Hatte die Partei 2004 noch eine Kindergelderhöhung um 75 Euro versprochen, kommt das Wort „Kindergeld“ diesmal gar nicht mehr im Wahlprogramm vor. Dafür soll neben Kinderbonus und Dienstleistungsschecks ein sozial gestaffelter „Erziehungszuschuss“ ausgezahlt werden, von dem Alleinerziehende „überdurchschnittlich stark profitieren“ sollen. Die Dienstleistungsschecks sollen nicht nur auf „Fortbildungs-, Mobilitäts- und Kulturangebote“ ausgeweitet werden, sondern auch „die Ansparung von Rentenansprüchen“ ermöglichen. Ohne verbindlichen Zeitplan, wie die DP, meinen die Sozialisten: „Mittelfristig sollten die Betreuungsplätze für Kleinkinder und Grundschüler aber gratis angeboten werden.“
Nachdem Mady Delvaux’ Grundschulreform nun wenige Monate vor den Wahlen das Parlament passierte, kann die Partei aufatmen und kündigt mutig an: „Nach der Reform der Grundschule und der Berufsausbildung müssen auch die Strukturen der Sekundarschulen überprüft werden.“
Um der Rentenmauer zu entgehen, verpflichten sich die Sozialisten lediglich „zu einer bedachtsamen Ausgabenpolitik“. Zur Absicherung der Krankenkassenfinanzen soll ein Gesundheitsfonds geschaffen werden, der aus den Einnahmen einer Sondersteuer auf gesundheitsschädlichen Produkten gespeist wird. Die LSAP will auch „den schrittweisen Ausstieg aus dem Treibstoffexport und den sich daraus ergebenden Steuerausfall durch eine zusätzliche Speisung des Umweltfonds vorbereiten“.

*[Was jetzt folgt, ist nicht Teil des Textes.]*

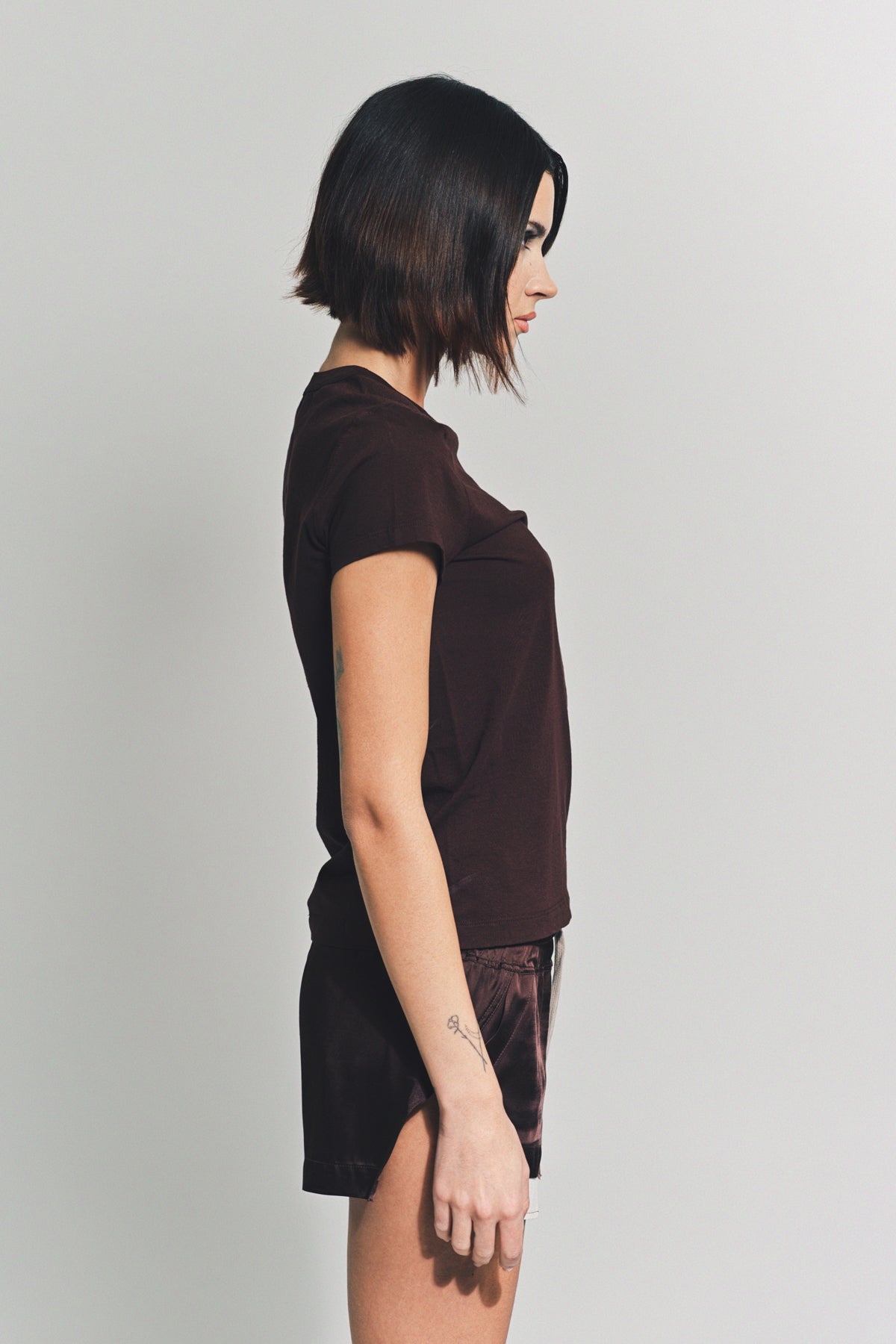 RICK OWENS | CROP LEVEL SHORT SLEEVE TEE - MAXFIELD LA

Besonderes Augenmerk widmet die LSAP der Wohnungsnot. Weil Mieter gegenüber Eigenheimbesitzern benachteiligt seien, die staatliche Zinsvergütungen für ihre Immobiliendarlehen erhalten, will die LSAP einen Mietzuschuss einführen. Originell daran ist, dass der Zuschuss nicht an die Mieter, sondern an die Vermieter gehen soll, um die Mieten „nicht weiter in die Höhe zu treiben“. Die Partei scheint ihre noch 2004 gehegten Hoffnungen aufgegeben zu haben, dass der Markt die Wohnungsprobleme löst. Denn Herzstück ihrer Wohnungspolitik soll eine öffentliche Immobilienagentur werden, die Wohnungen bauen und verwalten, aber auch Vermittlerin zwischen Mietern und Vermietern sein und mit einem Garantiefonds für die Mieten ihrer Kunden bürgen soll, wenn die Vermieter bereit sind, weniger als den gesetzlich erlaubten Höchstsatz zu verlangen. Vielleicht will die Partei mit einer solchen von anderen Parteien wohl als staatlicher Interventionismus verteufelten Agentur auch bloß sozialpolitisch Farbe bekennen.